**Task inputs:**
******************************

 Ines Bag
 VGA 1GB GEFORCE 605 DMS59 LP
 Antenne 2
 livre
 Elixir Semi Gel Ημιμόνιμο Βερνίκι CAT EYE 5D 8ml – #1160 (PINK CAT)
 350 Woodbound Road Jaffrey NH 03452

******************************

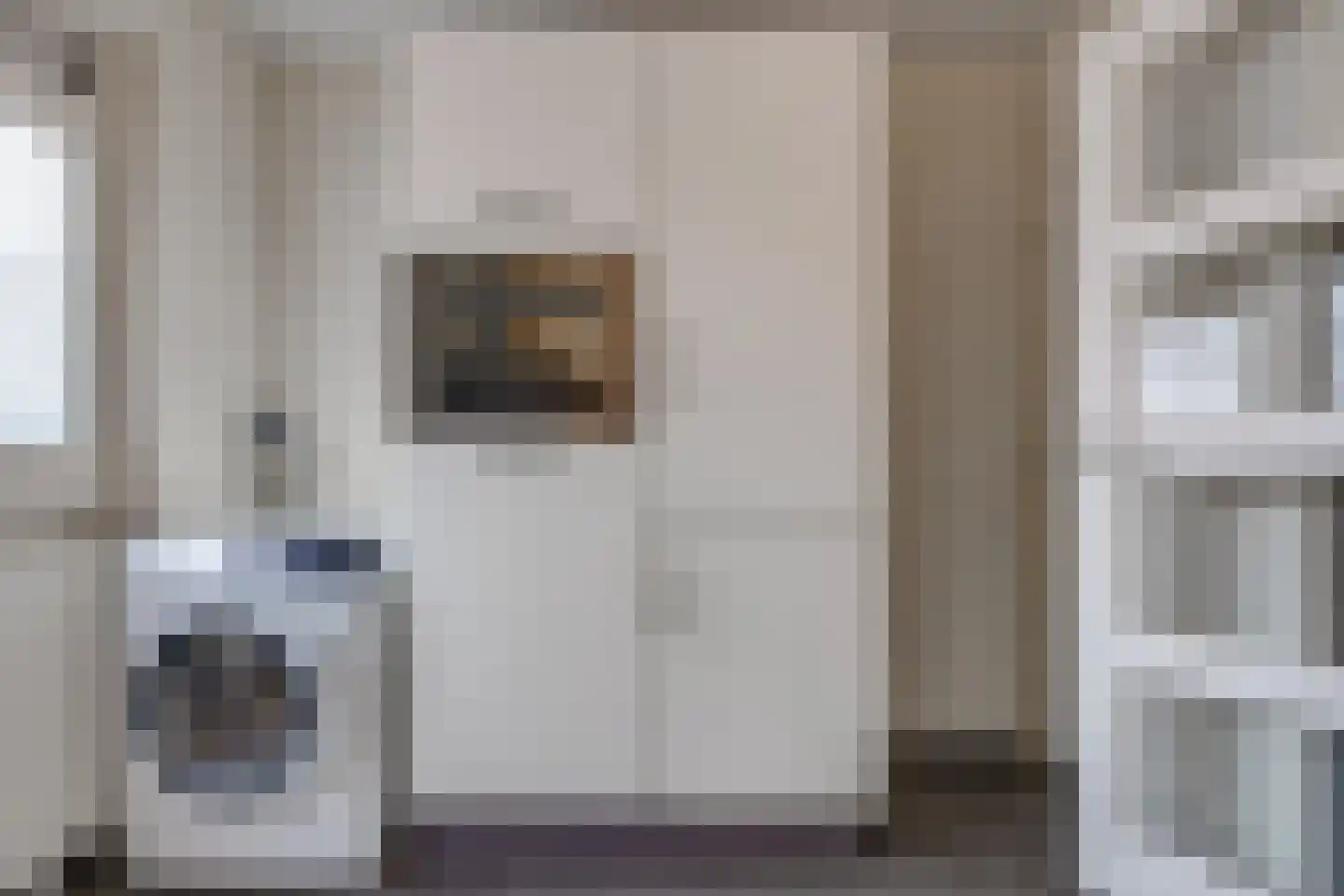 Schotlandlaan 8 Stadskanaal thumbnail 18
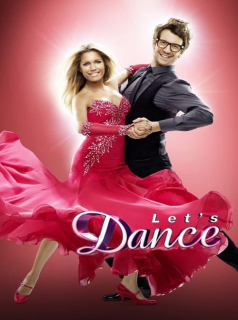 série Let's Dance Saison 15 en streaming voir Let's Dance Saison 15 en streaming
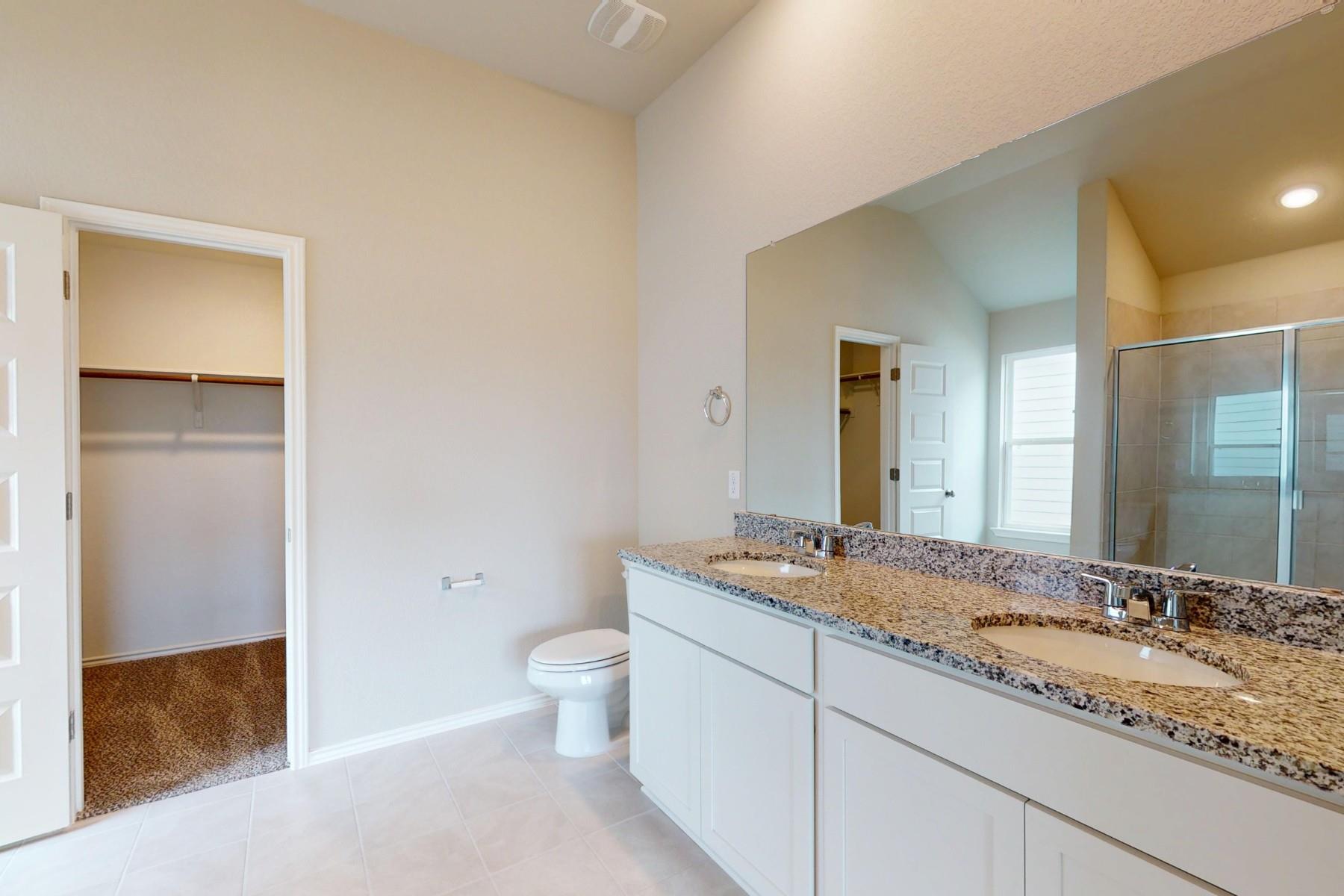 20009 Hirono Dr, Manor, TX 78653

******************************

**Your goal:** In the listing above, find the line containing "VGA 1GB GEFORCE 605 DMS59 LP" and the line containing "350 Woodbound Road Jaffrey NH 03452", then retype both and every line between them exactly, with nothing else.

**Written response:**
 VGA 1GB GEFORCE 605 DMS59 LP
 Antenne 2
 livre
 Elixir Semi Gel Ημιμόνιμο Βερνίκι CAT EYE 5D 8ml – #1160 (PINK CAT)
 350 Woodbound Road Jaffrey NH 03452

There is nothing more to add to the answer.